EX: After the case is closed in the end of Somewhere Within the Shadows, Blacksad goes home to see a news story about the race-related lynchings at the start of Arctic Nation.


----------



## Batty Krueger (Apr 19, 2014)

Taralack said:


> Dammit batty, now you reminded me that I also need to get Across Thin Ice. :T


Yes, yes you do. I cannot wait till book 2, ive read book 1 around 9 or 10 times already.


----------



## RedLeFrench (Apr 20, 2014)

Read all 5 books and unfortunately I find it to kinda decline in quality. Arctic Nation and Âme Rouge (roughly translated by Red Soul) are the best ones, but L'Enfer, le Silence (Hell, the silence) really  didn't gel with most fans, and that is probably because the plot isn't as clear as the other ones (and no Weekly, boo).
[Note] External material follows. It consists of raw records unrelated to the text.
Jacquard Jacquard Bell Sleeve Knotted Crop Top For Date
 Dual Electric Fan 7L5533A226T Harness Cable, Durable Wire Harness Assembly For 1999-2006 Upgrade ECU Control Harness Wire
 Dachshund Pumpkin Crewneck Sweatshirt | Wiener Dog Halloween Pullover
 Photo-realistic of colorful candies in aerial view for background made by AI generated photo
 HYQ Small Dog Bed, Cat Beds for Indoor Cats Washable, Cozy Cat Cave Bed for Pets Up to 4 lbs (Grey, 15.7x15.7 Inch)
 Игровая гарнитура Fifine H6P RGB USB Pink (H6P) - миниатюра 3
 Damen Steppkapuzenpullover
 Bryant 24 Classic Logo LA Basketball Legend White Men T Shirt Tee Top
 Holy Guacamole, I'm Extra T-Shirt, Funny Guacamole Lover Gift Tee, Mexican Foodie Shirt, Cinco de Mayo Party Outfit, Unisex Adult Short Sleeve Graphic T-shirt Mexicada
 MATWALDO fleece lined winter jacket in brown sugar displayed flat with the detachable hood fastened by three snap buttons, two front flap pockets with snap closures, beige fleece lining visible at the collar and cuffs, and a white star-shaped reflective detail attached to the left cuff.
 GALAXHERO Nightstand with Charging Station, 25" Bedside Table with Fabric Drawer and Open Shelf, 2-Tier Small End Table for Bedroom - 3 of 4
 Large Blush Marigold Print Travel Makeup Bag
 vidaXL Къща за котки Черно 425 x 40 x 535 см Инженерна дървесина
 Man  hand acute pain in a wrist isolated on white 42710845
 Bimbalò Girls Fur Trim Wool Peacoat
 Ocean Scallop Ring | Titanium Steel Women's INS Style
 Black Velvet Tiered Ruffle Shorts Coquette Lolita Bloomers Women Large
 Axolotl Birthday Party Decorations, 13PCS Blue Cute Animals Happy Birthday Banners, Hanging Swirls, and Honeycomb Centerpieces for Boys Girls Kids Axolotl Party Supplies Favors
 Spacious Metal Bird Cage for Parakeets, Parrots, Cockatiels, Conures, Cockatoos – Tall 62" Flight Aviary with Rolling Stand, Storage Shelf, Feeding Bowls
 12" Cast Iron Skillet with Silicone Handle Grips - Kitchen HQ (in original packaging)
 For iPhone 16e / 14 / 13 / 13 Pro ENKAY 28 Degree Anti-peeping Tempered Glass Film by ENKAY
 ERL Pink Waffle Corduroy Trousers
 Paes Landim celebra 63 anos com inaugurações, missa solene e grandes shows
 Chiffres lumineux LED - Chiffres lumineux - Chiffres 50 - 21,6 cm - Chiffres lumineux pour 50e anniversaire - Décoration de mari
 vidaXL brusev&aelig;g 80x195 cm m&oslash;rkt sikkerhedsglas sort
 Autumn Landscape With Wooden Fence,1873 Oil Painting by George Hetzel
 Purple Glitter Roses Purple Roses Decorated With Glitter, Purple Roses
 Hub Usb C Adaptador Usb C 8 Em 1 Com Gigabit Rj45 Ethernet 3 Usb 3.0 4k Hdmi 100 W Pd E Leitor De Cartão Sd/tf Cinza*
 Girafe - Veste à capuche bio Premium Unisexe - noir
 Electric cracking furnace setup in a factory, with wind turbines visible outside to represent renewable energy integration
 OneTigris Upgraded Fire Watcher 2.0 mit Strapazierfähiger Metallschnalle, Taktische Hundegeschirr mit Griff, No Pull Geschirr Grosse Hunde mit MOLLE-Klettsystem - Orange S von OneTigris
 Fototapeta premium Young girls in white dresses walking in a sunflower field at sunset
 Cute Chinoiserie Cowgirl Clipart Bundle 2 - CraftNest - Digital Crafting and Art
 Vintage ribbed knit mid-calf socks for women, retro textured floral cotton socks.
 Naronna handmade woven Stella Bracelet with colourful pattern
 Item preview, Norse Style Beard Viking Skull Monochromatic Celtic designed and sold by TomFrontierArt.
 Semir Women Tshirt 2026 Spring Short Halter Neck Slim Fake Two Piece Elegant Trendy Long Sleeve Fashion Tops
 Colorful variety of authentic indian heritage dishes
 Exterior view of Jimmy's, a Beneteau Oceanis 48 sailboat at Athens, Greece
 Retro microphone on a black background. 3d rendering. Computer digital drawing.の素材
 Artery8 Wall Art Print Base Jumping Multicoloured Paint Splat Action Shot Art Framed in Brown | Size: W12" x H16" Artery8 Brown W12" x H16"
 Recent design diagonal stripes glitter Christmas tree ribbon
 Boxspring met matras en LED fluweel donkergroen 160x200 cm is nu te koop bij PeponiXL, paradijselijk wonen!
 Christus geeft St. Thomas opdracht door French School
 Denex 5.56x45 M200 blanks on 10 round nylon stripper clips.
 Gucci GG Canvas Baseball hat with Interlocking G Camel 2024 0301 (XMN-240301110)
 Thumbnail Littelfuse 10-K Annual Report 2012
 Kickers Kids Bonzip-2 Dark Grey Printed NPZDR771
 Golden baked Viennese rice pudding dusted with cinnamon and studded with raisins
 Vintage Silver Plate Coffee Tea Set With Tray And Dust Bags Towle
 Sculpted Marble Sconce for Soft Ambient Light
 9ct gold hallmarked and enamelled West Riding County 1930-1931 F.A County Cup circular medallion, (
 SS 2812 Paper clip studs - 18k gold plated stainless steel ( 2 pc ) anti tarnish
Still, pretty colours and art. The last one that came out a few months ago is cool, but the plot is all over the place, with no real climax or anything going on until the second half (then again, it also has my favorite non-central character in it, so it's cool). Overall, I quite like the series, so much so I bought the two "making of" books that came out here !


----------



## Gryphoneer (Apr 20, 2014)

RedLeFrench said:


> Read all 5 books and unfortunately I find it to kinda decline in quality. Arctic Nation and ï¿½me Rouge (roughly translated by Red Soul) are the best ones, but L'Enfer, le Silence (Hell, the silence) really  didn't gel with most fans, and that is probably because the plot isn't as clear as the other ones (and no Weekly, boo). Still, pretty colours and art. The last one that came out a few months ago is cool, but the plot is all over the place, with no real climax or anything going on until the second half (then again, it also has my favorite non-central character in it, so it's cool). Overall, I quite like the series, so much so I bought the two "making of" books that came out here !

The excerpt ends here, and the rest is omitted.